Notre tâche consiste à réaliser que l'amour d'Hachem pour chaque membre de Sa nation dépasse tout ce que nous sommes capables d'imaginer, et que le seul but de toute souffrance est de servir de réveil pour se repentir et se rapprocher de Lui, de la même manière qu'un père aimant afflige son fils uniquement pour le bénéfice de ce dernier.
[rav Moché Sternbuch]

Même si, ici-bas, quelque chose semble être nuisible, d'en-Haut, c'est-à-dire du point de vue du Ciel, c'est une bonne chose ; son but (ultime) est bon.
Celui dont les yeux sont ouverts et qui se concentre toujours sur la perspective supérieure, Divine, se rend compte que ce qui semble mauvais est en fait bon.
[rabbi Lévi Its'hak de Berditchev - Kédouchat Lévi - 'Houkat 21,17-18 ]

+ "Hachem châtie celui qu'Il aime" (Michlé 3,12)

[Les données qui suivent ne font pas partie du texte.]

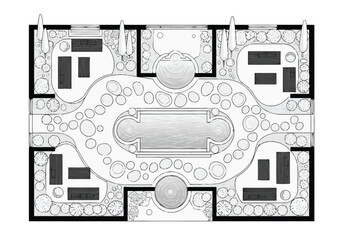 Elegant Landscape Design Plan Top View Pool Seating and Garden Layout Concepts layout architecture interior design icons exclusive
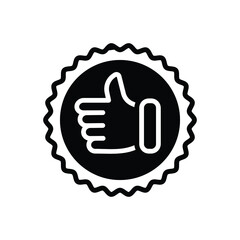 Black solid icon for endorsement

-> Les difficultés rencontrées dans ce monde peuvent être une bénédiction déguisée. En faisant l'expérience de souffrances, une personne est purifiée de ses fautes, ce qui lui permet de jouir d'un bonheur éternel.

Le rav 'Haïm de Volozhin (Roua'h 'Haïm - Pirké Avot 6,6) écrit que si une personne s'abstient de s'adonner aux plaisirs matériels et se consacre à l'étude de la Torah, c'est comme si elle avait fait l'expérience de souffrances.
Ainsi, en plus d'obtenir les récompenses accordées pour l'étude de la Torah, elle se purifie également de ses fautes.

-> Rabbénou Yona(Yessod haTéchouva) écrit que lorsqu'une personne se retient alors que son mauvais penchant l'incite à s'adonner à quelque chose d'interdit, cela compte également comme des souffrances et la purifie de ses fautes.